** ACTION ITEM **
Starting at the first line of the records below, transcribe each line exactly, ending with the line that contains "Aztec 45FT Flatbed Trailer".

[Dataset items]
=== Section Start ===
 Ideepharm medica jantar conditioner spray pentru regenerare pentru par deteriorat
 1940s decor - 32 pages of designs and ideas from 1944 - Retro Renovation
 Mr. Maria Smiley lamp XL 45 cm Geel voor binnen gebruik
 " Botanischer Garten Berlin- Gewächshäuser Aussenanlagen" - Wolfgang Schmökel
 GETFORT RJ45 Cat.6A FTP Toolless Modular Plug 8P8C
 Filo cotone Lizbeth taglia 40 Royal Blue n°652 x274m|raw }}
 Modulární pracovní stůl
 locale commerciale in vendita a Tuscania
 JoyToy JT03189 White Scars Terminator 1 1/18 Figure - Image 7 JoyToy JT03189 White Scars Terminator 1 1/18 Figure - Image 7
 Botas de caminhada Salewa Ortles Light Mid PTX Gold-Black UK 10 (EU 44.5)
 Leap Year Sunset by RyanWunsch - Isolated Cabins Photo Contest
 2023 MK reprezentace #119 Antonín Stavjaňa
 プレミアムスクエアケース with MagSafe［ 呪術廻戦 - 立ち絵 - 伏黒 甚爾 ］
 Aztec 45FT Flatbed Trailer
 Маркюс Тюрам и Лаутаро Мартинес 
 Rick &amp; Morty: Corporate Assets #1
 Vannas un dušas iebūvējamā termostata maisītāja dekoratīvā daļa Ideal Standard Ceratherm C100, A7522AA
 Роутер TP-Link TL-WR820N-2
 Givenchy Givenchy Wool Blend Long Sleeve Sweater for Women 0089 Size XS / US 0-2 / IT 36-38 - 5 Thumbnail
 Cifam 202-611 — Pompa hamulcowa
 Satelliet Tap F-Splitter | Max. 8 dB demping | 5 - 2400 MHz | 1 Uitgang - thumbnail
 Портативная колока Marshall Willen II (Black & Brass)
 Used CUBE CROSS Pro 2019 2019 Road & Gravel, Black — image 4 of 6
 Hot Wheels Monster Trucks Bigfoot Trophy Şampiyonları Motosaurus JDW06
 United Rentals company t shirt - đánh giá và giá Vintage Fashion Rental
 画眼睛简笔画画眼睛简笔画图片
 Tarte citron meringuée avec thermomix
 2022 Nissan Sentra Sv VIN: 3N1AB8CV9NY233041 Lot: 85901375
=== Section End ===
** SOLUTION **
 Ideepharm medica jantar conditioner spray pentru regenerare pentru par deteriorat
 1940s decor - 32 pages of designs and ideas from 1944 - Retro Renovation
 Mr. Maria Smiley lamp XL 45 cm Geel voor binnen gebruik
 " Botanischer Garten Berlin- Gewächshäuser Aussenanlagen" - Wolfgang Schmökel
 GETFORT RJ45 Cat.6A FTP Toolless Modular Plug 8P8C
 Filo cotone Lizbeth taglia 40 Royal Blue n°652 x274m|raw }}
 Modulární pracovní stůl
 locale commerciale in vendita a Tuscania
 JoyToy JT03189 White Scars Terminator 1 1/18 Figure - Image 7 JoyToy JT03189 White Scars Terminator 1 1/18 Figure - Image 7
 Botas de caminhada Salewa Ortles Light Mid PTX Gold-Black UK 10 (EU 44.5)
 Leap Year Sunset by RyanWunsch - Isolated Cabins Photo Contest
 2023 MK reprezentace #119 Antonín Stavjaňa
 プレミアムスクエアケース with MagSafe［ 呪術廻戦 - 立ち絵 - 伏黒 甚爾 ］
 Aztec 45FT Flatbed Trailer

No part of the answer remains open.